Internal Solenoid Switch
This is the switch that is found inside the solenoid unit. This switch is responsible for allowing your vehicle's engine and the starter motor to have contact. This connection is required for the starter motor to turn and without it your vehicle will not start up properly. Also, remember that the starter motor is responsible for turning the engine and it is not the action of turning a key in the ignition that provides the power to do so.

Switch for the Solenoid
By turning the key in the ignition there will be a switch that provides power to the solenoid unit. This is what this switch is responsible for doing. It is sometimes referred to as the starter solenoid switch but in general it is just the switch that is used to operate the solenoid. Both switches are equally as important as neither can do their job appropriately if they are not both in working order.

How the Starter Motor Works
The starter motor is used to turn the engine so your vehicle can start up. These switches play an important role in this process. Within the starter are two different vital components – the DC electric motor and the starter solenoid unit. The starter motor must have a lot of power being supplied for the engine to turn. This is the reason for the starter solenoid being connect (via cables) to your vehicle's battery.
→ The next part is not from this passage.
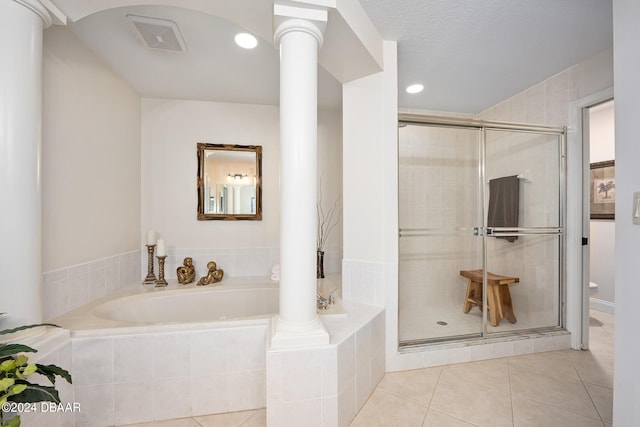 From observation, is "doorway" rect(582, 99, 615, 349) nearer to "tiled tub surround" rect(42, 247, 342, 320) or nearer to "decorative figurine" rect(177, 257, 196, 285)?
"tiled tub surround" rect(42, 247, 342, 320)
There is an electric switch that will close the circuit once it is in use. This will then allow the starter motor and battery to have an open flow which means that your starter is being provided sufficient power to the turn the engine. During this process, the starter gear will be pushed ahead so it can work with the flywheel within your vehicle's engine. All of this is activated once you turn your car key in the ignition to start your vehicle. Basically, turning the ignition key will activate the solenoid, which in return will provide power to the starter motor and the motor can turn the engine.

The starter solenoid has other contents as well which would be worth mentioning but this article has covered the importance of the switches and the basics of how the starter system works. You may want to read up more on all the components within the starter system so you have a full understanding on how it works and what features are included.